China Nears Climate Agreement with the US, Unveils Vague Methane Reduction Strategy

China Nears Climate Agreement with the US, Unveils Vague Methane Reduction Strategy

Beijing - On Tuesday, China unveiled its long-anticipated methane reduction plan, a commitment it had made back in 2021. After a two-year delay, the release of this plan signifies that Beijing is progressing toward a potential new climate agreement with the United States.

China, as reported by Reuters, is the largest contributor to climate-warming methane emissions, accounting for over 14 percent of global emissions. However, the much-anticipated plan revealed on Tuesday does not specify any concrete targets. Instead, it outlines objectives for reusing methane as a fuel source.

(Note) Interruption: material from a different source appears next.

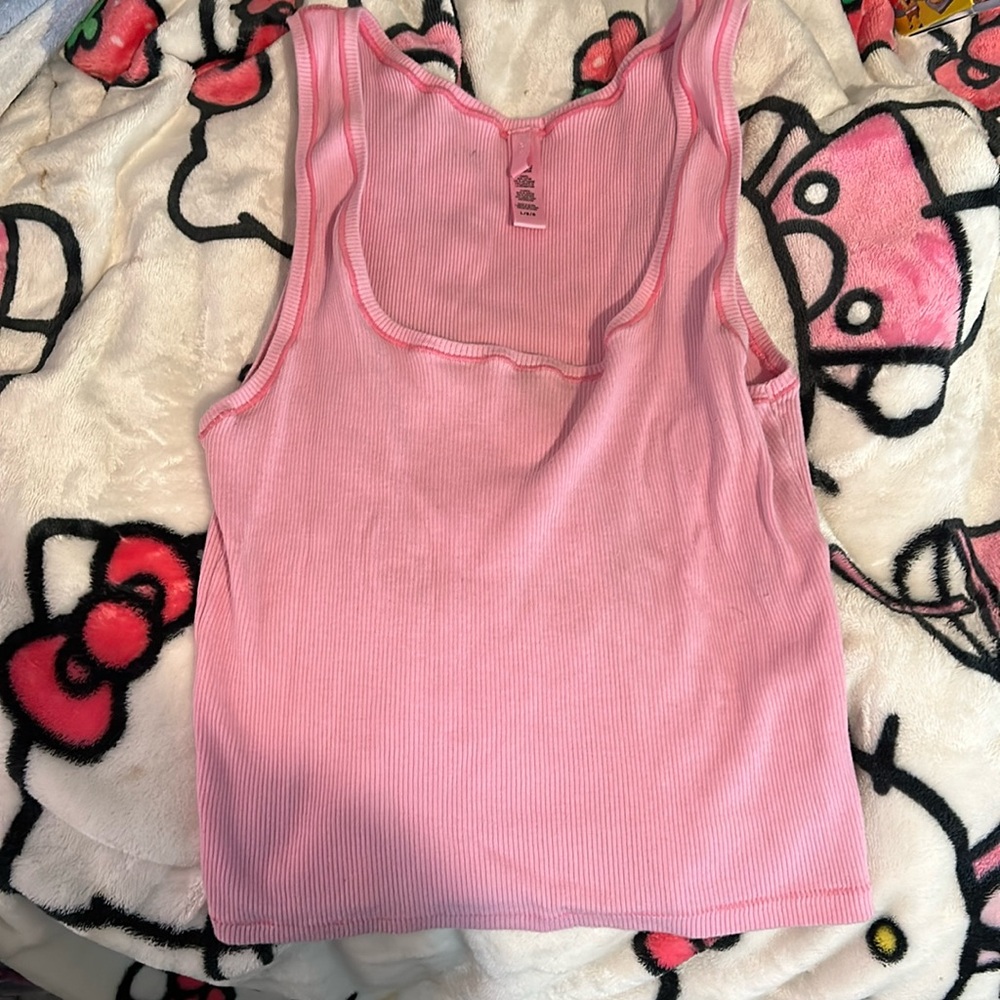 Skims bubblegum pink cotton jersey tank top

According to the plan published by China's Ministry of Ecology and Environment, the nation pledges to reduce "flaring," the practice of burning off emissions at oil and gas wells. It also commits to addressing methane leaks in coal mines and enhancing methane control in agriculture and waste management.

The plan has been met with disappointment by political analysts. China had previously promised at COP26 in Glasgow to collaborate with the US on measuring and mitigating methane emissions, but the newly released strategy lacks specificity.

Yan Qin, the lead carbon analyst at Refinitiv, a UK-based company providing global financial market data, expressed concerns about the plan's lack of clear objectives, stating that it contains primarily descriptive text without specific targets for reducing methane emissions.

Nonetheless, some observers view the plan's release as a "golden opportunity" that could signal the potential for a new climate agreement involving China on the horizon. Leaders of the two nations are expected to convene at the APEC summit in San Francisco the following week. During the Glasgow climate summit, both countries had agreed to establish a working group focused on climate action.

Li Shuo, a climate analyst and the incoming director of the China Climate Hub at the Asia Society, suggested that the plan's release might "pave the way" for a joint statement from the world's two largest greenhouse gas emitters.

The reduction of methane emissions is of paramount importance, as methane is a potent greenhouse gas responsible for global warming and climate change, with a warming potential approximately 100 times that of carbon dioxide. Addressing methane emissions is regarded as a critical step in mitigating climate change in the short term.